Court Opinion

ID: 4882589
Source: CourtListenerOpinion
Date Created: 2021-09-02 22:00:35.704925+00
Date Added: 2024-06-11T08:03:50.883472
License: Public Domain

JOHN R. BLANTON, Judge.
Plaintiff, a New York corporation, brought this action against the defendant, a Florida corporation, to recover damages for alleged negligence in dismantling and reerecting plaintiff’s display booth at a trade convention held at a Miami Beach hotel.
Defendant moves on notice to stay this action under F.S. §§47.43 and 613.04 on the ground that plaintiff is doing business in Florida, but has failed to qualify under the Florida corporation laws.
As alleged in the complaint, plaintiff had a display booth for its articles at a trade convention held in Florida. Defendant’s *111discovery in support of its motion by way of deposition and written interrogatories, also establishes that plaintiff has salesmen and promotional employees based in Florida and that it places its advertising material with local newspapers and television stations. However, the discovery further establishes that plaintiff’s actual sales are by interstate shipment from its Connecticut plant to Florida wholesalers or chain stores.

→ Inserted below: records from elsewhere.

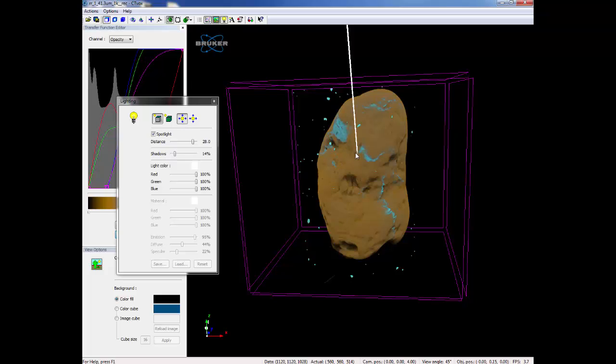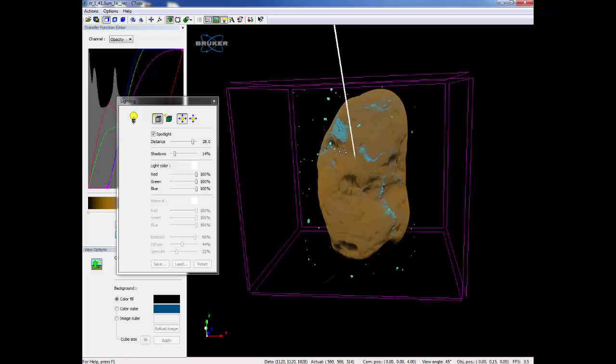If you right click on your object, you can go ahead and rotate where that light is shining. This can help enhance specific areas.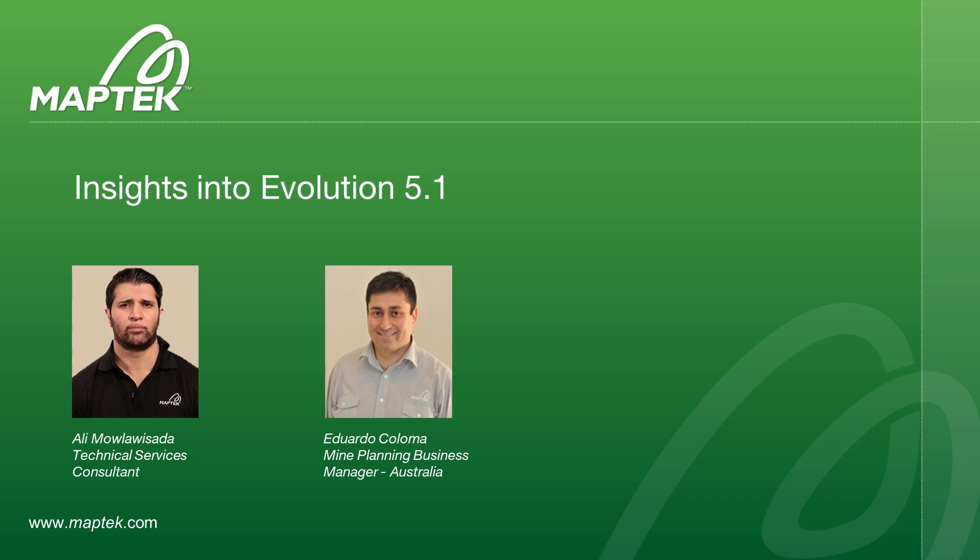Thanks for joining us for this Evolution webinar. My name is Eduardo Coloma and I am the My Planning Business Manager for MapTech Australia. Today Ali Molawisada and I are continuing the MapTech webinar series with a special preview of what's coming in Evolution version 5.1 of our mine scheduling solution.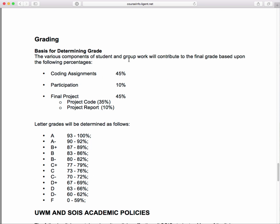Grading: participation is 10% of the grade; coding assignments are 45%; and the final project is the other 45% — 35% for the project code and content, and 10% for the project report. So the final project has a 45% total weight. 90% of the grade is for stuff that you're going to do.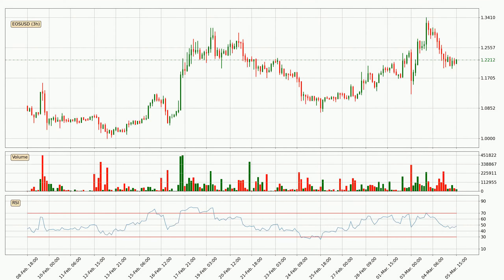Looking at the three-hourly Relative Strength Index, the current three-hourly RSI is at 48, so it doesn't show signs of overbought or oversold conditions at this point.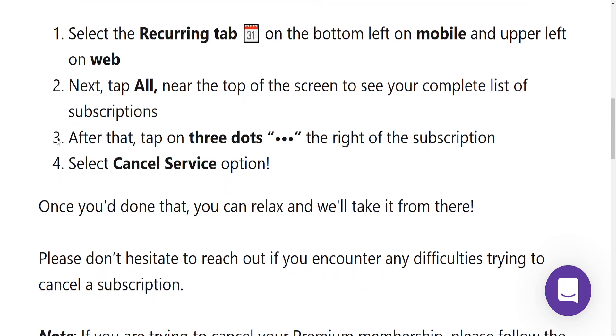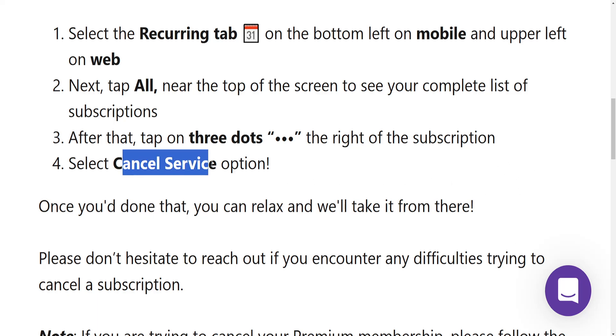The third step will be tapping on the three dots on the right of the subscription. So on the right, you will have three dots of the subscription itself. And once we click on the three dots, a new menu will appear and we can click on Cancel Service.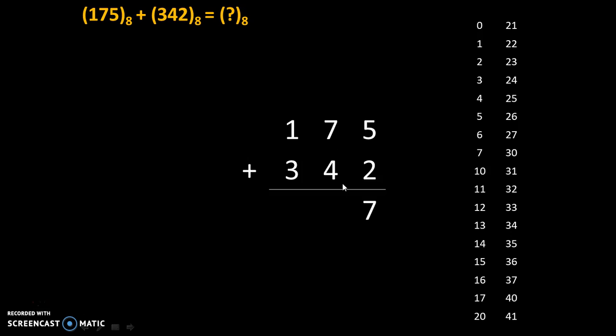Then 7 plus 4. After 7 we will count 4 digits: 1, 2, 3, 4. So 7 plus 4 is 13. Our sum will be 3 with carry equal to 1.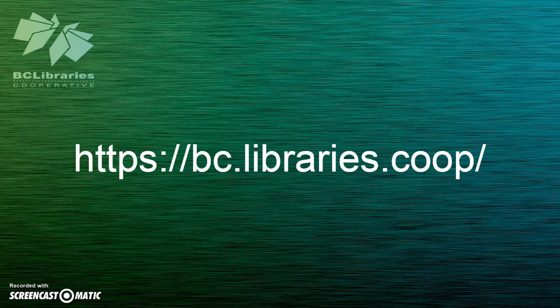Thank you for watching this video and for more information please visit the BC Libraries Cooperative website.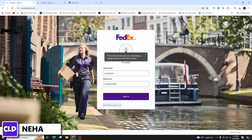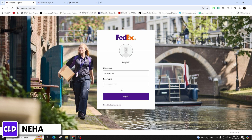So, after you've entered the correct form of your credentials in the first and the second field and clicking on the sign in button, you will be successfully logged into your FedEx Workday account.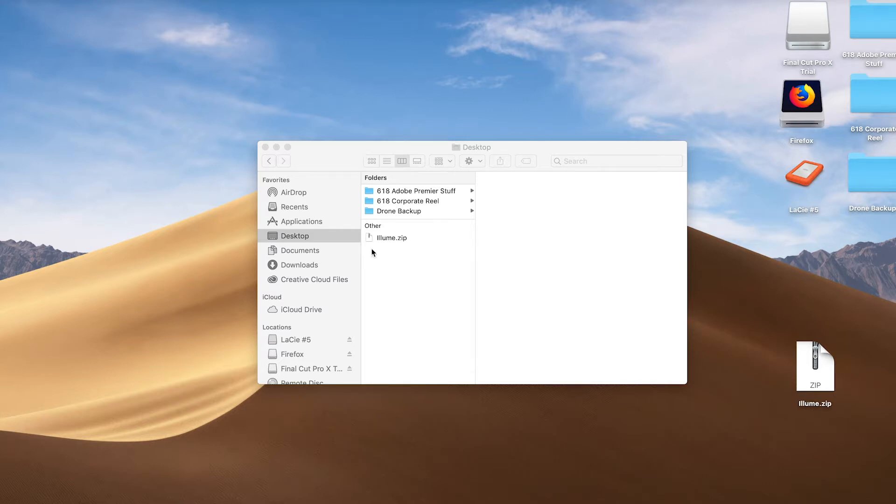Upon purchase, you will receive a download for an Ellume.zip folder. Go ahead and bring this folder onto your desktop or onto your documents, whatever you prefer.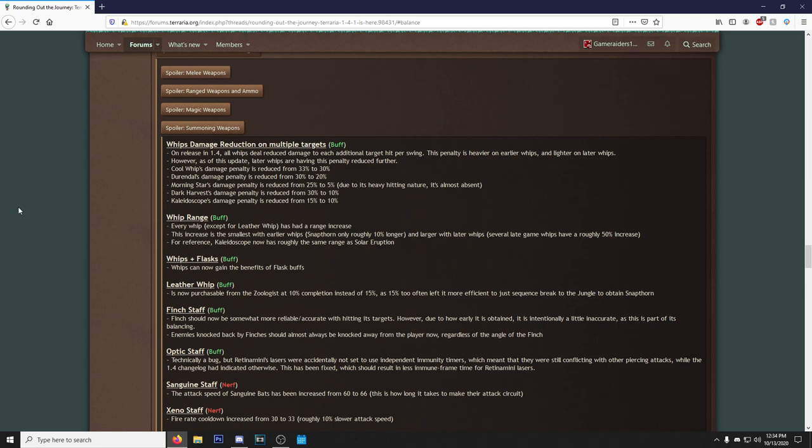When did they even take it away? They did my boy Plantera dirty. But we really just want to look at this right here, the balance changes, and you know exactly where we're going: summoning weapons. Oh my god, here we go. Whips damage reduction on multiple targets. On releasing 1.4, all whips deal reduced damage to each additional target hit per swing. This penalty is heavier on earlier whips and lighter on later whips.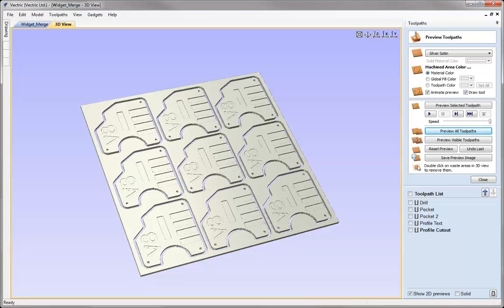That concludes this video where we've looked at what's new in VCarve Pro version 8 in the 2D and 2.5D machining areas of the program. Please make sure to watch the other what's new videos so that you can see all the new features and enhancements that have been made to this version. Thanks for watching.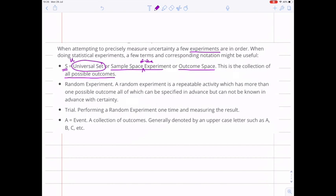We're talking about random experiments. What is a random experiment? It's anything that we can repeat, where we can specify what all the possible outcomes are, but we don't know exactly which one is going to happen. For example, if you flip a coin, you know that it can either land heads or tails, but you don't know until you've actually flipped it which of those two things is going to happen. That's a random experiment. Actually doing the experiment one time and measuring the result is called a trial — so if I flip a coin once, that's a trial.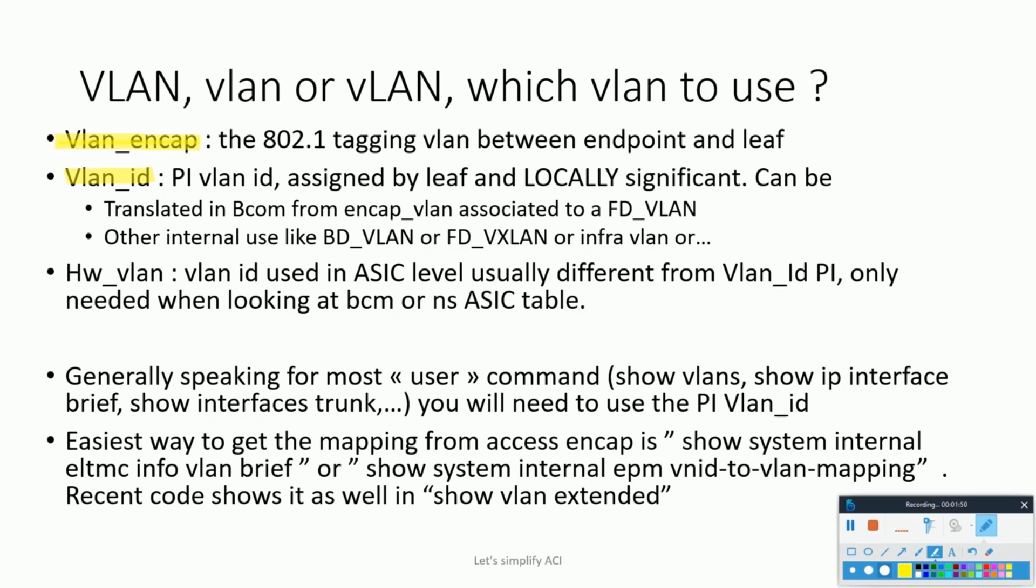Now comes the hardware VLAN. Most switches, specifically in ACI leaf, comprise of a Broadcom ASIC that is used when traffic is meant to be locally switched. This hardware VLAN is utilized by the Broadcom ASIC chip.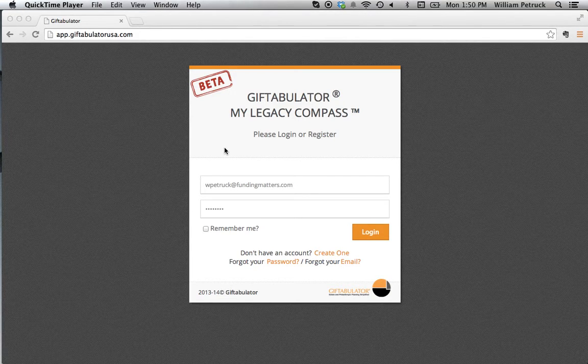Welcome to Giftabulator, the fast and easy way to determine capacity for philanthropic giving. So if you're ready to start, let's begin.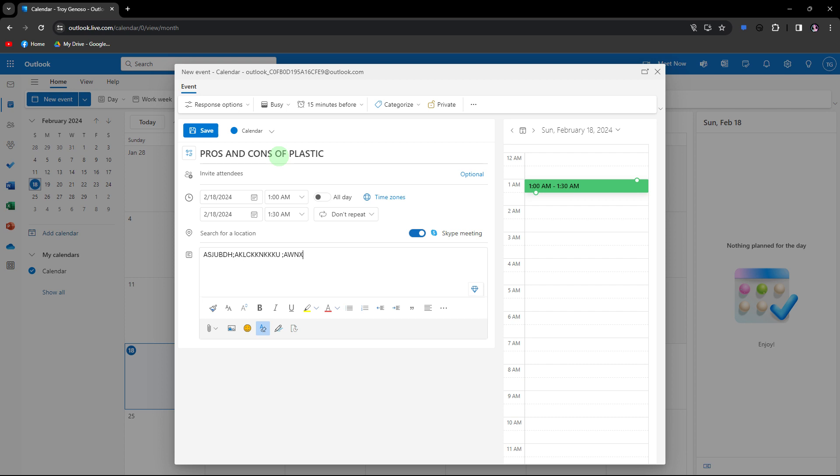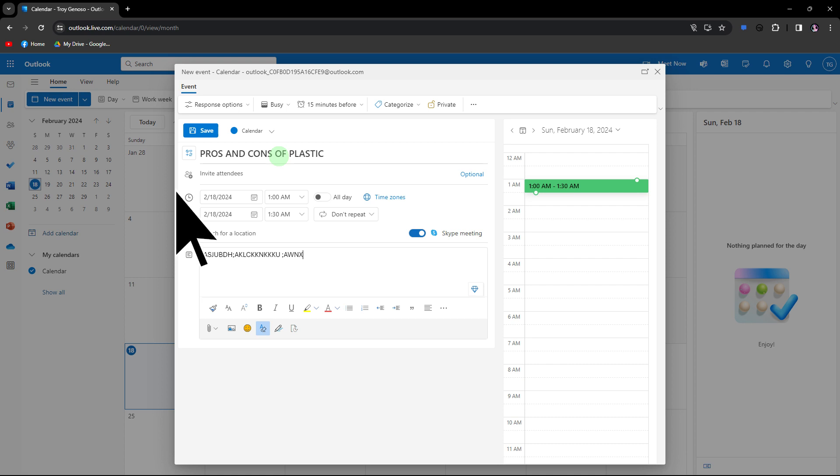Fill in the meeting details such as the title, start and end time, location, and description.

Nevertheless, defendant urges that plaintiff corporation must be treated as doing business within the meaning of foreign corporation stay statutes F.S. §§47.43 and 613.04 because its promotional activities in Florida in aid of its interstate sales would render it amenable to Florida process under F.S. §47.16 if it were sued here as a defendant, citing in support thereof Bradbery v. Frank L. Savage, Inc., 190 So.2d 183 (4th DCA); Illinois Central R. Co. v. Simari, 191 So.2d 427 (Sup. Ct.). This contention lacks merit because the Supreme Court of Florida has uniformly held in construing the Florida corporation laws and the predecessor stay statutes that they may not constitutionally be applied to bar the Florida courts to a non-Florida corporation whose sales are all interstate, however extensive the intrastate activity in promoting or making the interstate sales may be. Circular Adv. Co. v. Am. Mercantile Co., 63 So. 3; Am. Mercantile Co. v. Circular Adv. Co., 71 So. 607; Mergenthaler Linotype Co. v. Gore, 160 So. 481; Crockin v. Boston Store, Inc., 188 So. 853; Stevens-Davis Co. v. Stock, 193 So. 745; and Schwartz v. Frango Corp., 44 So.2d 292. Accordingly, defendant’s motion should be denied.
For its part, plaintiff filed objections to defendant’s “Further Interrogatories” numbered 22, 23 and 24. These interrogatories seek to elicit details of dates of TV advertising over a Miami station, and whether the advertising appeared simultaneously on a national network. Because the above-cited cases establish, as heretofore noted, that local promotion of interstate sales does not require a foreign corporation to qualify under Florida corporation laws, answers to the interrogatories would be immaterial.
It is therefore ordered and adjudged that defendant’s motion to stay is denied, that plaintiff’s objections to interrogatories 22. 23 and 24 are sustained; and it is further ordered that defendant shall plead to the complaint within fifteen days from the date of this order.